Et puis après chaque guerre, quand on est rentré, il a fallu recoloniser le pays. A cette époque on ne parlait pas de viols ni de consentement, il fallait juste repeupler un pays dévasté par la guerre. Nous avons engendré une succession de fils et de petits fils, sidérés, exsangue de toute notion de consentement.

Je pleure de rage…mais les larmes n'arrivent pas à couler.. tellement ma tristesse est sèche… comment me pardonner? Nous sommes des générations d'hommes massacrés au nom de la liberté.

Aujourd’hui, je fais ce que je peux. J'essaye d’être un bon père, un bon mari, de travailler dur pour maintenir ma famille à l’abri du besoin.

Quelque chose en moi croit que je dois tout réparer. Alors je me démène comme un fou. Personne ne reconnaît tous les efforts que je fais. J’ai tellement de poids sur les épaules.

Je dois bander, ne pas éjaculer, faire jouir, accueillir, sentir quand c’est oui et quand c’est non, écouter, donner le bain au petit dernier, ne pas donner mon avis, fermer ma gueule… et quand je l’ouvre on me dit que je suis violent.

Mais, ça fait des siècles que je ferme ma gueule et que je suis sidéré d’être un homme réduit à mon impuissance. Quand est-ce que l’enfer va s'arrêter?

Y a-t-il quelqu’un qui va enfin prendre le temps de m’écouter?

Y a-il enfin quelqu'un capable d'accueillir les horreurs enfouies au fond de moi?

Je suis continuellement critiqué, humilié, sur le banc des accusés. Je suis tellement sidéré que maintenant, quand je fais l’amour on me dit que je viole. Je suis perdu, je n’ai plus de repères. C’est toujours moi le méchant à abattre.

Ça me rend fou, fou de rage! Certains d’entre nous en viennent même à tuer leur femme, tellement cette rage est refoulée depuis des générations.
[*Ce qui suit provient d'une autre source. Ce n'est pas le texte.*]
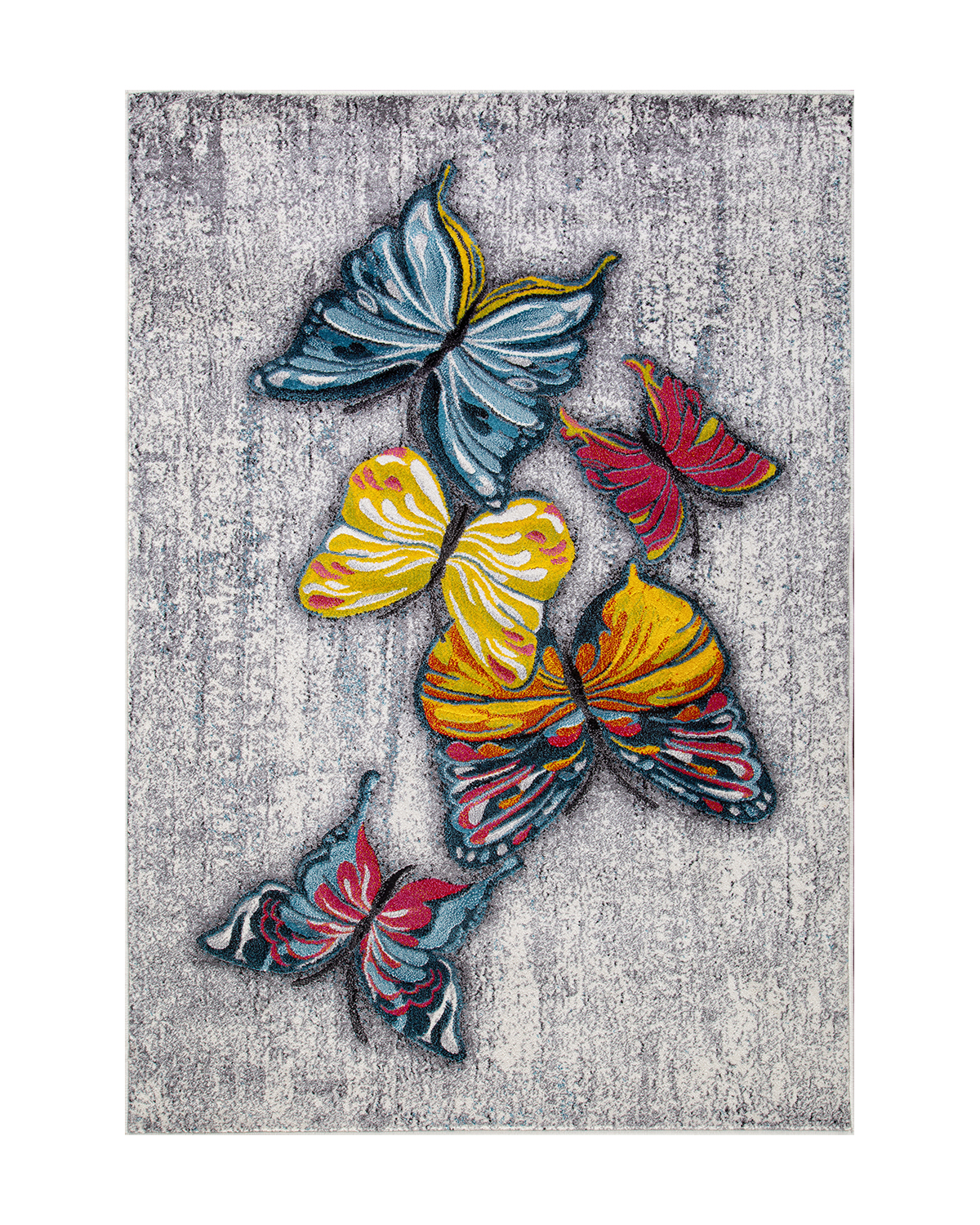

Ковер Kitroom Plus Carnival 80x150 прямоугольный серый C064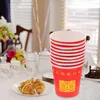 Disposable Cups Straws 100 Pcs Red Double Happiness Glass Top Hat Drinking Holders Tea Cup Paper Bride Epapioros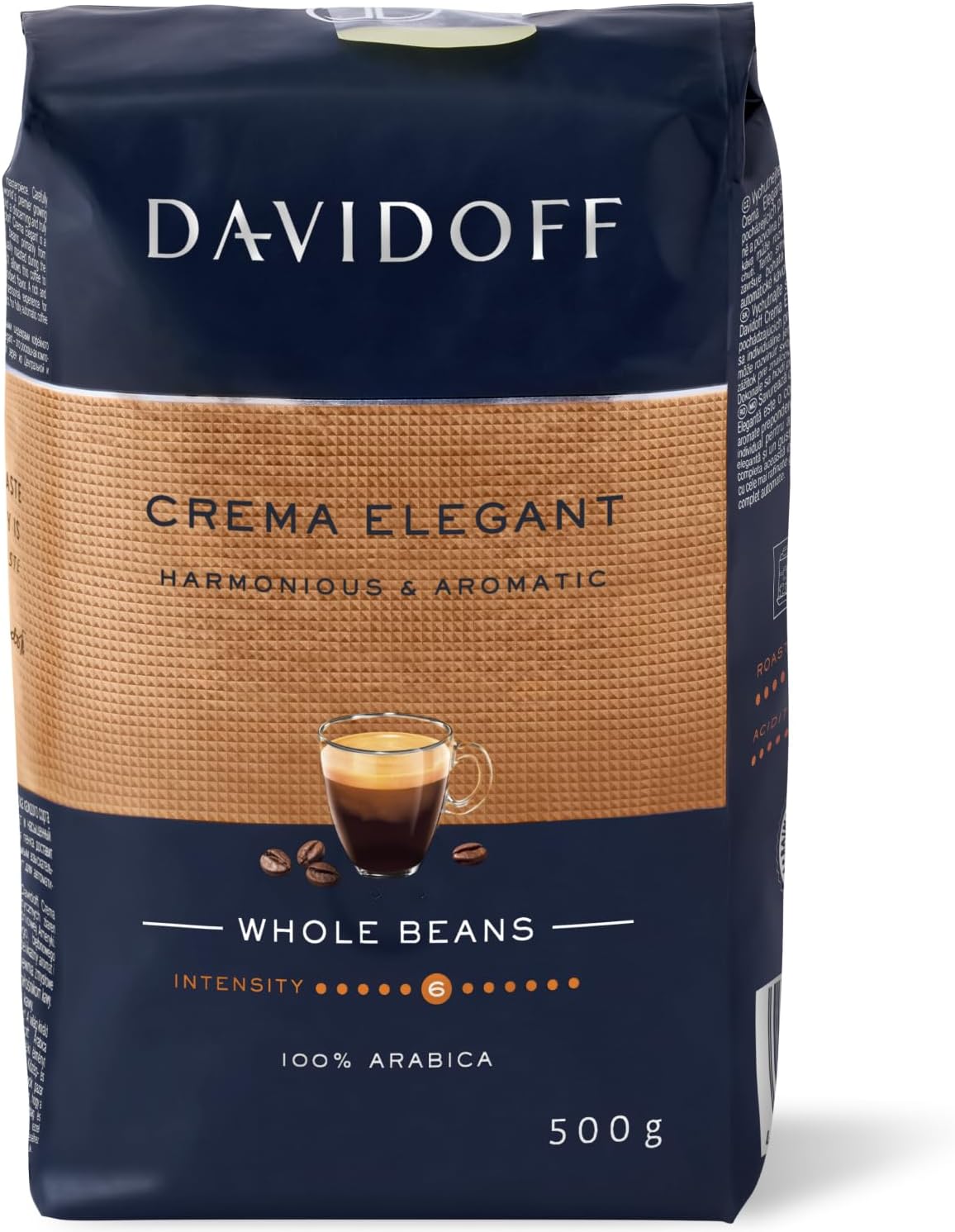 Crema Elegant Whole Beans 500g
Nous sommes en rage de ne pas savoir pleurer.

Cette emprise de la "Grande Mère patrie" sur mon sexe et ma vie , ne fait que me rappeller celle du ventre maternel.

Maman…je t'aime, trop, je t'aime mal...

Je suis encore enfermé dans notre amour infécond. Pourquoi ne veux tu pas accoucher de l'homme que je suis? Pour toi je suis, soit ton petit garçon soit ton grand sauveur. Je ne peux jamais être réellement moi et surtout jamais te décevoir.

Maman, tu veux faire de moi le symbole de ton homme idéal. Sache que je n'arriverai jamais à te combler. Tu tentes de vivre désespérément ton masculin par procuration à travers moi. Égoïstement, tu me veux toujours pour toi seule. Tu as évincé mon père de l'équation.

Maman, l'idée même de te décevoir m'est insupportable.Ton utérus a la peau dure et son emprise est fatale. Je n'ose pas te détester d'avoir construit tout autour de mes couilles une prison de chair.

Maman…laisse moi sortir, s'il te plaît, je t'en conjure, laisse moi être un Homme libre. Je n'arrive pas à te détester et le faire ça serait renier mon origine. Chaque fois que je pénètre une femme, je retrouve un temps soit peu notre unité perdue.

Karine, c'est si dur d'être un homme debout. Aujourd’hui, je n'ai plus besoin d'une mère. Pour me révéler en tant qu'Homme, j'ai besoin du cœur de la Femme puissante en toi.

Oui, j'ai peur…

J'ai peur de ta puissance de femme, de tes rugissements, de tes regards.

J'ai peur d'être vu tel que je suis et que tu ne puisses accueillir ma vulnérabilité.

J'ai peur du changement, je me sens si faible et vulnérable par rapport à toi.

Je ne me suis jamais senti aussi fragile. Saches que lorsque tu m'écoutes, ma vitalité renaît en toi.

Lorsque je guéris de mes blessures, je m'élève en toi.

Lorsque je m'exprime, je m'ajuste à tes besoins.

C’est par des ventres et des sexes apaisés que nous mettrons au monde cette nouvelle humanité. Ensemble construisons la grande ère de l’alliance du masculin/féminin

Nos hommes ont autant besoin d'être accueillis et libérés que les femmes.

Et toi as-tu déjà laissé s'exprimer les blessures du masculin massacré?

Les as-tu exorcisées et pansées?

Ressens-tu en toi, un homme castré avide de sa présence, ou bien l'alignement d'un homme puissant protecteur de ton intégrité?